# Northwest Trek



## Mt Spokane Photography (Aug 4, 2013)

Has any one been to Northwest Trek? I did not see any images when I searched. 

The wife and I have reservations for the photo tour next weekend, and I've been debating about which cameras and lenses to bring. They take out windows and doors on the tram, and stop frequently to allow for shots. There is also a walking tour which is more like a conventional zoo. The park is part of the City of Tacoma parks department. I've been wanting to go for a few years, but its necessary to signup for the photo tour well in advance, so I finally remembered to signup early this year.

My wife will likely take her 1G X, and I'll take my 5D MK III. I'll take my 100-400mmL, my 70-200mm 2.8 MK II, my 24-70L, and my 16-35mmL. Maybe my 100L too?
I hate to pack so much stuff, and I'm even thinking of taking my 580 EX II and better beamer, since I hear that the animals are sometimes hiding in the shade. That's going to make a big load to carry, maybe I need to bring my big roll around case  

I will also put my 40D in as a second camera.

I'll bring my monopod, and Pol filters, but I don't like to use filters unless I really have to.

I'll start packing up to see what I can actually carry in my favorite bag.

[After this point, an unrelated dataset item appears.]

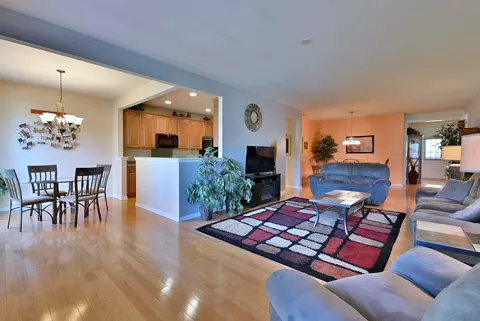 Living - 2832 Beacon Point Cir, Elgin, IL 60124 photo 4 of 7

Meanwhile, any advice from someone who's been there is welcome.


----------



## Mt Spokane Photography (Aug 19, 2013)

I had to cancel my trip at the last minute. My son was able to use the tickets and took the tour using his Samsung camera phone. The images were barely ok, just not quite up to a typical bottom end P&S.


----------



## MrFotoFool (Sep 13, 2013)

You should absolutely get to Northwest Trek whenever you have the chance. I am a zoo fanatic and have been to over 70 zoos across the United States (and a few in western Europe). It has been many years since I was at Northwest Trek, but it far exceeded my expectations. It is unquestionably one of the best zoological parks in the country. It is also one of the best if not the best for photographers. I am not talking about the special photo tours, which would make it even better, I am talking about just going as a regular visitor. The enclosures are massive and are just built into the existing forest, so it is one hundred percent natural. You will not be disappointed.

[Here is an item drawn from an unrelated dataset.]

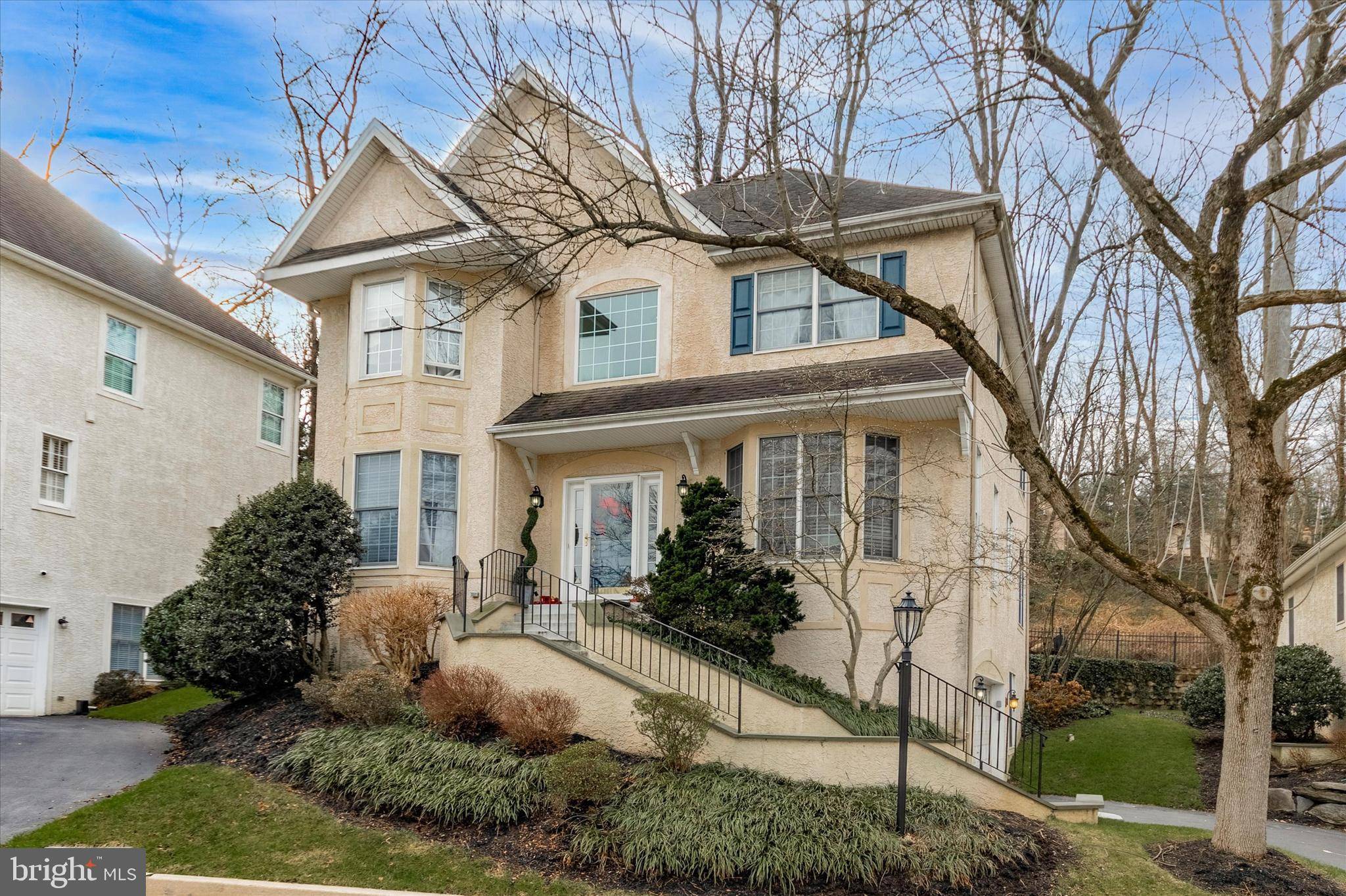 Conshohocken, PA 19428,409 MERION HILL LN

To get a feel for the place, look at their image gallery on ZooChat.com, a website for zoo fanatics like myself. Here is the direct link to the Northwest Trek image page: http://www.zoochat.com/gallery/northwest-trek-wildlife-park


----------



## Mt Spokane Photography (Sep 13, 2013)

MrFotoFool said:


> You should absolutely get to Northwest Trek whenever you have the chance. I am a zoo fanatic and have been to over 70 zoos across the United States (and a few in western Europe). It has been many years since I was at Northwest Trek, but it far exceeded my expectations. It is unquestionably one of the best zoological parks in the country. It is also one of the best if not the best for photographers. I am not talking about the special photo tours, which would make it even better, I am talking about just going as a regular visitor. The enclosures are massive and are just built into the existing forest, so it is one hundred percent natural. You will not be disappointed.
> 
> To get a feel for the place, look at their image gallery on ZooChat.com, a website for zoo fanatics like myself. Here is the direct link to the Northwest Trek image page: http://www.zoochat.com/gallery/northwest-trek-wildlife-park


 
Yes, it was a disappointment to miss out. I used to live in Orting, just a few miles away, but that was before the zoo was there.

Maybe next year. It was a foggy misty morning, so I would not have had ideal opportunities. Then, the tram broke down, and he had to be transferred to a different one, so it was somewhat of a bust.


----------